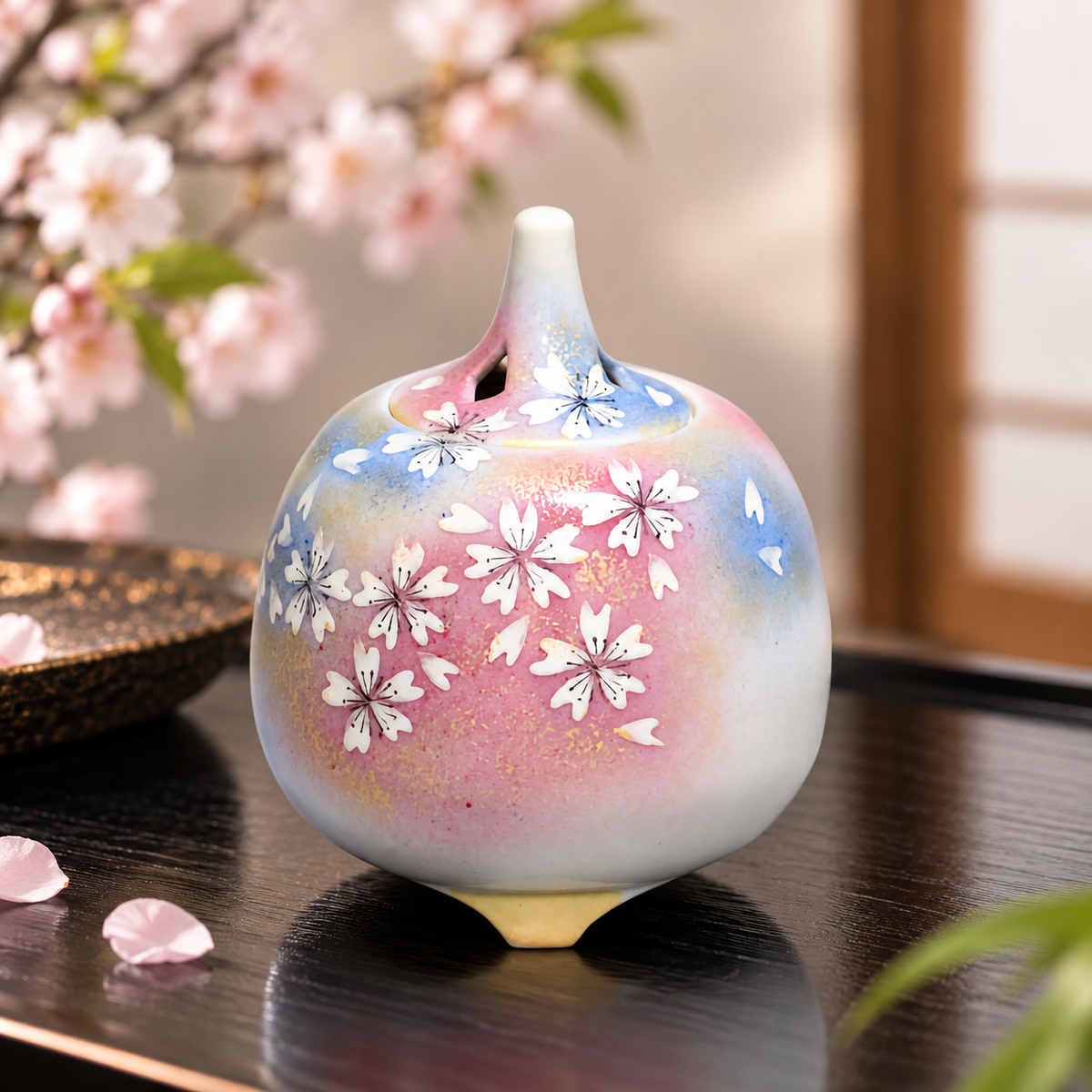 JAPANESE KUTANI WARE INCENSE BURNER FLOWER DANCE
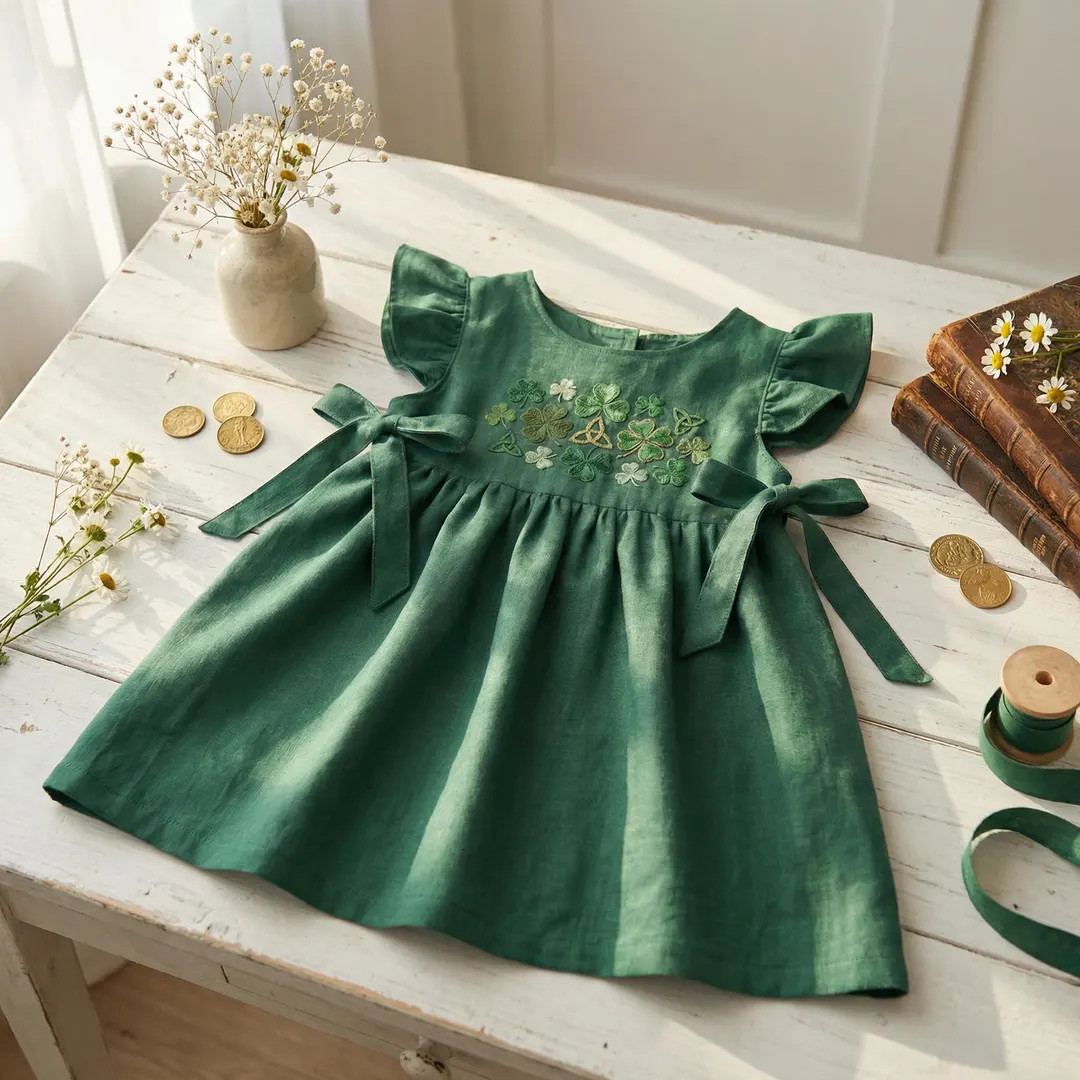 Shamrocks Irish Dress, Hand Embroidered St Patrick's Day Outfit, Custom Irish Linen Dress For Gir... | Etsy (US)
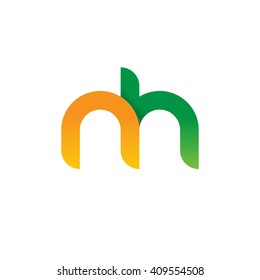 initial letter nh linked round lowercase logo orange green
****************
With the pictures omitted, the material is to be transcribed exactly.

## Exercise output
 JAPANESE KUTANI WARE INCENSE BURNER FLOWER DANCE
 Shamrocks Irish Dress, Hand Embroidered St Patrick's Day Outfit, Custom Irish Linen Dress For Gir... | Etsy (US)
 initial letter nh linked round lowercase logo orange green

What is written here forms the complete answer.